死了,也就解脫了,天堂的姐姐,會理解我的,隻有她知道,不是自己殺了她。
再也不用飽受折磨和唾罵了,也不用受何義鳴的欺淩了,姐姐見到自己,肯定會很開心吧?
安越一步步走進了浴缸,整個人都坐了進去,蜷縮在一起,打開了水龍頭。
血越流越多,剛開始,安越還感覺有點嗆,可失血過多造成的缺氧,導致她的意識越來越模糊。
終於要解脫了……
“安越,你的命是屬於我的,即是你到了閻王殿,我也要將你追回來。”何義鳴打開門看見,躺在滿池血之中的她,嚇得渾身冰冷。
她還不能死,自己還沒有開始折磨她,怎麼能就這樣白白的便宜她呢?
手術室外,穿著西裝的男子,肩寬腿長,眼神之中的陰鬱讓人退避三尺,身上散發出來拒人於千裏之外的信號,更是生人勿進。
忙了一晚上的醫生,一開門就被人抓住了衣領,“她怎麼樣了?”
“好在送來的及時,再磨蹭一點就晚了……病人失血過多,這段時間好生的修養著。”眼前的男人氣勢實在駭人,饒是見慣了大場麵的老醫生,說話都不免吞吐起來。
“我知道了。”鬆開衣領之後,年過半百的老醫生,健步如飛的逃走了,生怕多留一秒,就要被眼前這個男人的低氣壓給凍壞。
他這是招誰惹誰了,幫別人值班,大晚上的做手術不夠,還得看病人家屬的臉色,現如今這病患家屬,比醫生還牛逼。
夢裏麵,
好不同意他才放過自己,還來不及穿好衣裳,姐姐卻忽然的闖進來了,一巴掌甩在她的臉上,大罵自己是賤貨,
無論自己如何的解釋她都不願意聽,何義鳴還在一旁添油加醋,說是自己主動的勾引他的,在夢裏裏麵安越哭的眼淚也幹了。

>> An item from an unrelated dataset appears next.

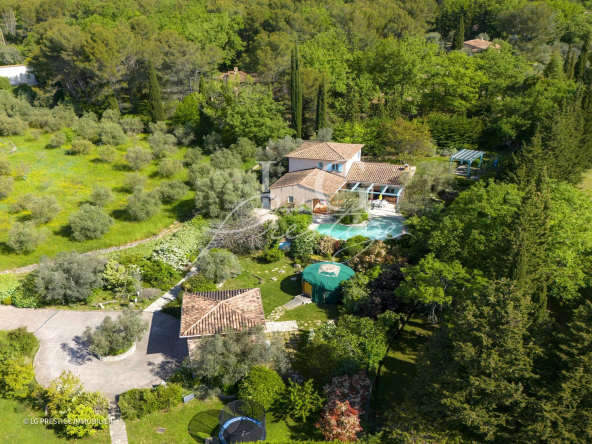 Propriété de charme de 187 m2 avec piscine, dépendances et terrain paysagé de 3 002 m2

但是沒有任何人相信她,就如現在的自己一樣,何義鳴看著小臉糾成一團的安越,眼角的淚水如同斷線的珍珠,手腳微微的顫抖著。
看來她是做噩夢了,何義鳴伸出手將她的小手握在手中,接觸到手上那熟悉的觸感,安越如同觸電一般,從夢中驚醒過來。
一睜開眼睛,便是何義鳴那張帥的人神共憤的臉,年少時間,她的確曾經癡迷過,但是此刻的她,早已經領教過他的無情跟冷血。
何義鳴看到縮在床角的安越,伸長胳膊將她一把拉至胸前,他冰冷的手,在白色的紗布上摩擦,忽然間用力的按下去,安越疼的叫出聲來,紗布上麵立即開出了一朵紅豔豔的花。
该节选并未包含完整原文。